Isso fez com que os idealizadores de produtos financiados coltivamente se tornassem empresários de suas criações, atraindo também os olhares de investidores, de olho em uma nova forma de rendimento em empresas que já mostraram o potencial de seus produtos ou serviços oferecidos, em razão do sucesso de arrecadação alcançados em seus lançamentos durante a captação via crowdfunding.

Porém esses investidores não estavam interessados exatamente nos produtos financiados por meio do crowdfunding, mas sim nos resultados que a exploração destes poderiam trazer para os seus investimentos, funcionando o crowdfunding, também, como uma ferramenta para a busca de novas empresas para se investir.

A partir deste momento, surge uma evolução do crowdfunding, em que os projetos que buscam captação não objetivam exatamente o desenvolvimento de um novo produto ou um serviço, mas sim a capitalização ou criação de uma nova empresa, assim como as recompensas para quem contribuiu para a captação, que passou de um exemplar do produto financiado para um título, o qual atribui o direito do investidor em participar nos resultados obtidos por esta empresa capitalizada, ou até mesmo para se tornar seu sócio ou acionista.

Surge então o Equity Crowdfunding, modalidade de crowdfunding, por aqui intitulada de “Investimento Coletivo”, onde uma ideia para a formação de uma empresa deixa deixa de ser financiada, passando a ser investida, trazendo uma sofisticação para algo que já funcionava muito bem exatamente pela sua simplicidade, por outro lado, tornando o investimento em empresas inovadores em um procedimento simplificado e acessível para todos, algo que era naturalmente mais complexo e restrito a um grupo pequeno de pessoas.

E a evolução não parou por ai.
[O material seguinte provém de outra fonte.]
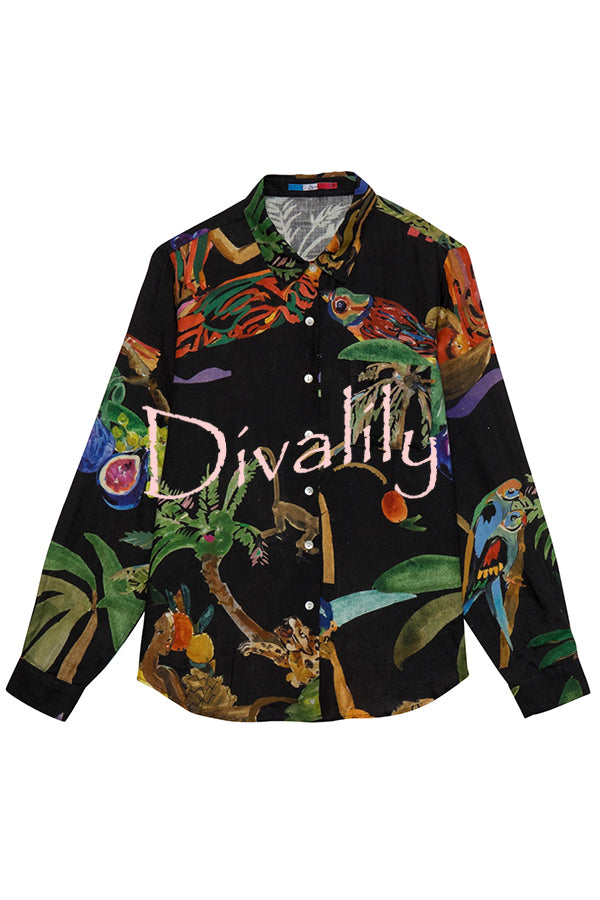 Unique Print Lapel Long Sleeve Loose Shirt and Elastic Waist Pocket Wide Leg Pants Set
Existem algumas formas de se implementar o Equity Crowdfunding levando-se em consideração o tipo de empresa que receberá o investimento, o público que investirá nos projetos, bem como os valores sugeridos na captação, podendo variar de acordo com a complexidade e especialidade exigida do investidor, também.
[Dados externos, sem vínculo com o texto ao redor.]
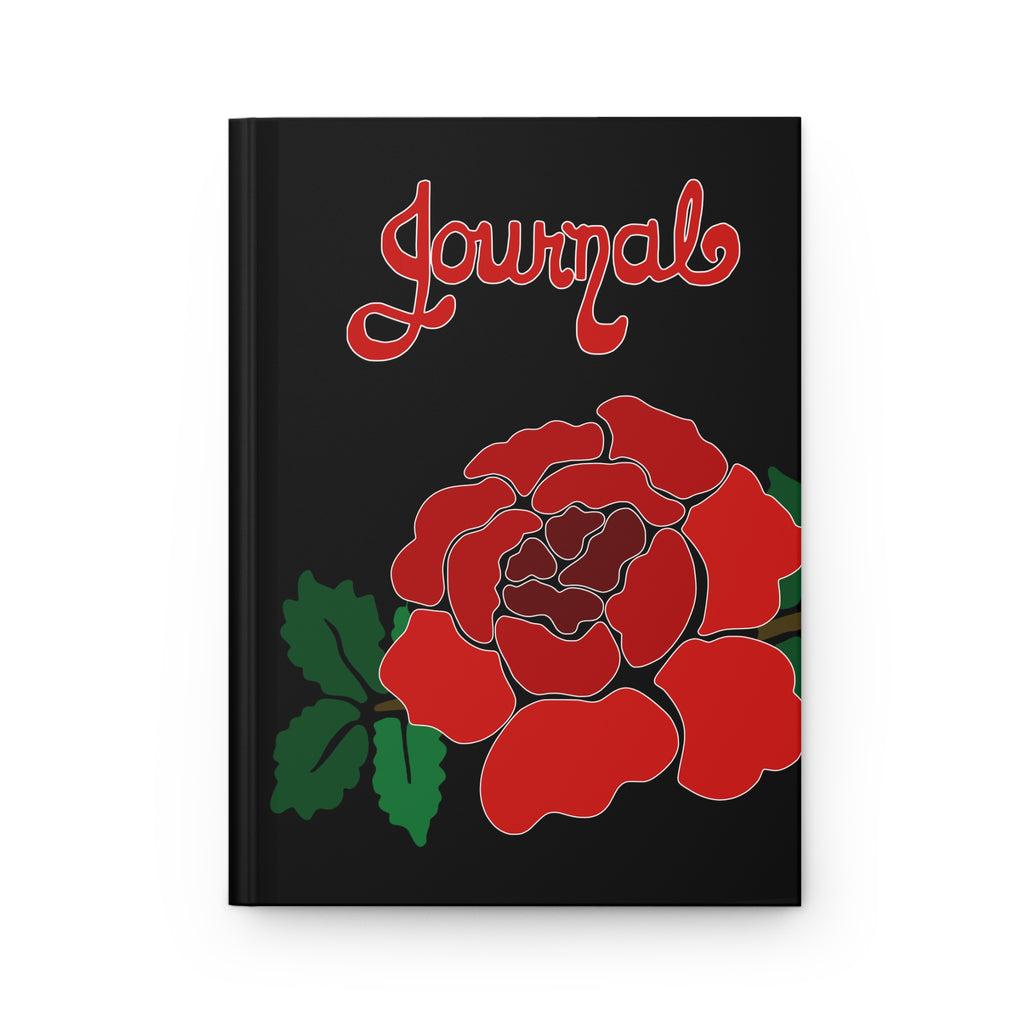 Rose Journal Hardcover — Red Floral Notebook with 'Journal' Script | Vintage Gothic Gift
O fato é que, assim como a vida em nosso planeta, o Crowdfunding está em constante evolução, assim como a sua modalidade mais sofisticada, baseada em Equity (participação do investidor nos resultados), o qual já se segmentou em alguma formas distintas, sendo que estes avanços também se assemelham com o processo evolutivo natural, ou seja, sempre haverá uma necessidade de adaptação para uma nova situação, o que vem sendo feito pelos empreendedores do investimento colaborativo com muita naturalidade e criatividade, em diversos locais do mundo.

Com a democratização dos investimentos em empresas inovadoras, todos tem muito a ganhar, não só os empreendedores, ou os investidores do Equity Crowdfunding, mas a sociedade como um todo.